The Cloths of Heaven
Delayed with pleasantries and exchanges, two university suits make a slow exit from the Treading Softly –The Way Forward Symposium. The bells strike the quarter hour as they push through a cooling drizzle. They arrive to a busy lunchtime campus cafeteria, load sustenance onto two plastic trays, and take aim for a vacant table by the far wall. On the short walk from counter to table they pass the ecumenical assemblage of the regional religious. They nod a brief recognition to the collars and robes.
‘I have it to tell you,’ the beige suit says, when seated, ‘but what he said was that if the evidence eventually proved an earlier existence he would admit to such but still not believe it.’
‘Hah,’ the grey suit says before closing his mouth around a loaded fork.
‘What can we do with minds such as this?’ the beige suit continues. ‘Faith poisons everything. It makes a damned fool from a scholar.’
‘The dark heart of non-reason,’ the grey suit says, nodding. ‘You can mend ignorance with education. You can reform malintent with treatment. You can even fix crazy with medicine. But you cannot fix stupid.’
‘Toxic, it is,’ beige says. ‘This grip to the hidden hand, this hapless subjugation below the magical sky-lord.’
‘And the dumb beat goes on,’ grey says. ‘The Imam said that when you die you wake up. Bit bloody late, I’d say. Hell is the truth learnt too late.’
‘Hence the mess,’ beige says, digging his fork hard into his food. ‘Really. The plausibility of it . . . it’s evil and nothing but. Their dogma inhibits enquiry. It’s shameful’
‘Ah, yes,’ grey agrees. ‘To define is to limit. Curiosity is God.’
‘Hallelujah to that,’ beige jumps in and they both laugh.
‘But it’s their assault that galls me most,’ beige continues after a brief quiet moment of eating. ‘They attack to defend. Their hammer blow anaesthetic that sedates the flock.’
‘True indeed,’ grey agrees. ‘Nothing impedes reason like the absence of an enquiring mind. Myth, ritual, and ceremony are the conjurers allure. They lead only to confinement.’
The beige suit puts his knife and fork down and wipes his mouth with a paper napkin.
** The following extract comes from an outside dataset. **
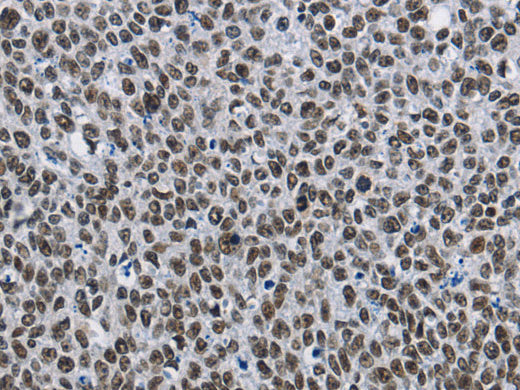 CMTM2 Polyclonal Antibody Store at -20°C - MSE Supplies LLC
And then looking at his colleague he speaks. ‘Here’s my opinion . . . Preacher I’m talking not listening said. Well, thanks for sharing, Pastor, I said, but here is evolved logic and reason and evidence. And here again is my opinion, Preacher I’m talking not listening replied. It’s laughable and infuriating all at once.’
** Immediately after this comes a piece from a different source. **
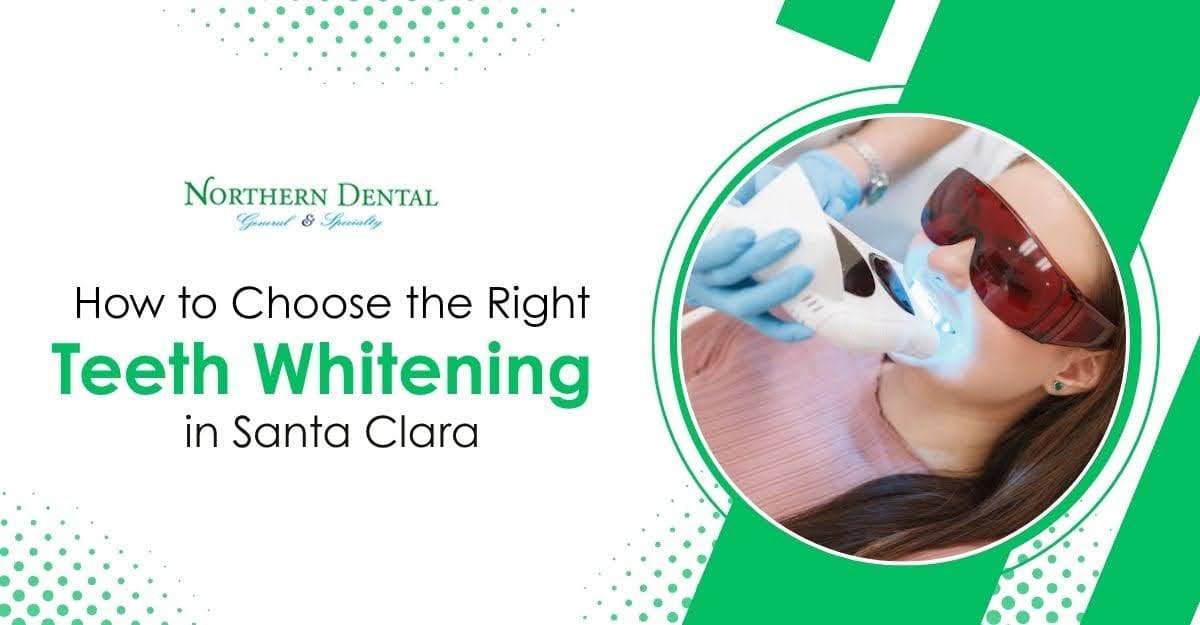 How to Choose the Right Teeth Whitening in Santa Clara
‘Isn’t that it in a nut-squeeze,’ grey says. ‘You begin with enquiry, you go everywhere. You begin with belief, you go nowhere.’
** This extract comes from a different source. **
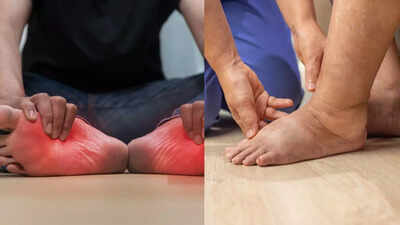 फेफड़ों के कैंसर के शुरुआती लक्षण जो आपके पैरों और टांगों में दिखाई देते हैं: सूजन, दर्द और रंग में बदलाव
‘The audacious nonsense of it,’ beige says, glancing across to the long table. ‘That they consider they alone hold the key and that we, shorn of constraint, cannot be filled with wonder of the stars and the magnitude of space and the beauty and complexity of life and love. Obnoxious.’
‘The blue and the dim and the dark cloths,’ grey recants.
‘Can you bind the cluster of the Pleiades?’ beige says. ‘That’s what the pastor accused. Or loose the belt of Orion? Seriously, I mean, but what?’
‘Hah,’ the grey suit jumps in. ‘Seek him that maketh the seven stars and Orion.’
‘Desperate and unfathomable,’ beige continues. ‘The lofty pomposity of it. They’ve held civilisation back for too long.’
‘But we, being poor, have only our dreams,’ grey says. ‘We have spread our dreams under your feet. Tread softly because you tread on our dreams.’
‘Unforgivable,’ beige agrees again.
‘Bewilderment is not beyond the great and the good,’ grey says prodding a fork forward. ‘Newton believed himself to be exploring the glory of God’s mind. Go figure that.’
Beige goes to say something, but doesn’t.
‘We were guppy-lipped fish once,’ grey continues, ‘sucking our world in and pushing it out through wispy gills. Perhaps some of us are more evolved and attuned to grasp the freedom of ground and air.’
‘Oh yes,’ beige jumps in again. ‘Padre Antonio over there, he swims with the fishes.’ And once more they both laugh.
‘We should order something from the menu and send it over,’ grey suggests. ‘A token of our appreciation. On the house, of course. The dish of the day, perhaps.’
‘What’s that then?’ beige asks.
‘Primordial soup,’ grey spurts and they both sit back and release a loud laugh.